Look within, steel yourself, determine to be diligent, be your own drill sergeant, do the right thing! Lots of ways to say it. Typically only one ultimate outcome. It is easy to feel like we are rousing ourselves to great commitment under the hype of a presentation on the need for personal discipline. (Even our listeners might get stirred if we preach that way, but don’t be fooled into thinking it will still be “working” come Thursday!) The problem here is that self-stirring to great devotion in ministry is exactly what we’re talking about—what do we do when we come to times when that is absent. It makes no sense to rely on the very mechanism whose absence is the problem.
2. The outer appearance self-elevating effort.

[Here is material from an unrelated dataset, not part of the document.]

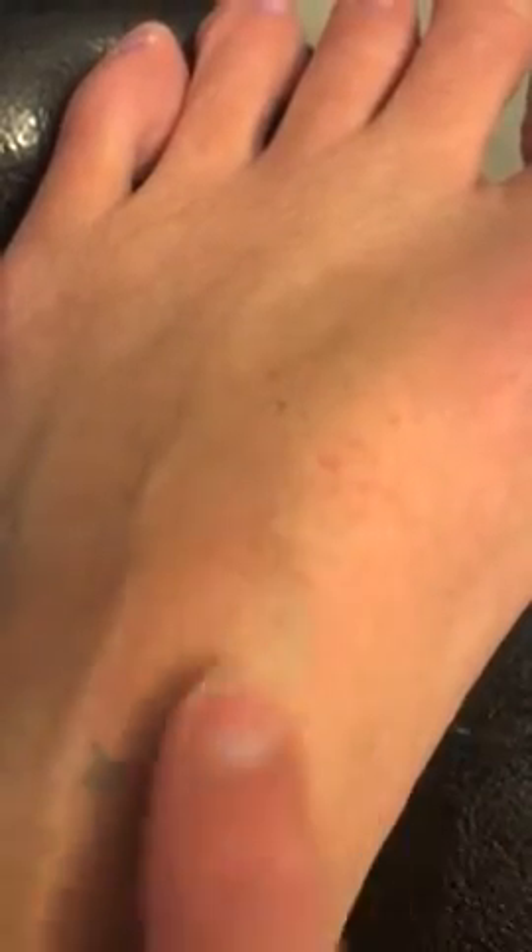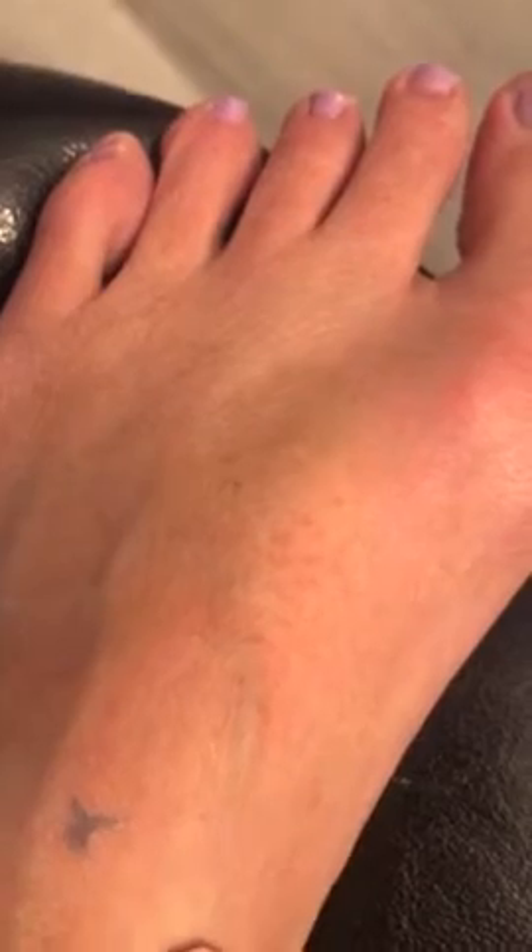It doesn't hurt too bad, but as you can see it got most of the hair off. We got to get a little bit better at putting it on evenly, but yeah, it took it right off.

Here’s a real danger. What will people think? We can be stirred to press on due to keeping up appearances. In one sense there is value here. We don’t want to cause others to stumble. We don’t want to crash and burn, because we love those who would be caught in our wake. But there is a real danger here. Doing the right thing in ministry in order to look good creates an ever-increasing divide between reality and appearance. Eventually this show becomes as paper thin as the performance of a stand-up comedian who performs outwardly, but is utterly broken within.
3. The energy from genuine relationship.
There is little in life that is as motivating as good genuine fellowship with others captured by Christ. Looking to Christ together with others who are not performing somehow will stimulate motivation to press on like very little else. We need to be genuinely conversing with our Lord in every circumstance. He is the One whom we press on to know more, who puts the fire in our bones like the prophets of old, who is the real treasure at work within these breaking vessels!
Any solution to the half-quit that is about looking to myself, or about how I look to others, will be self-defeating and only make matters worse. We need to be responding to the life giver Himself, for fellowship with Him is life itself. Maybe the temptation to half-quit is a warning that the conversation has gone quiet, that your heart has grown distant and distracted. Let the warning nudge you back toward Him.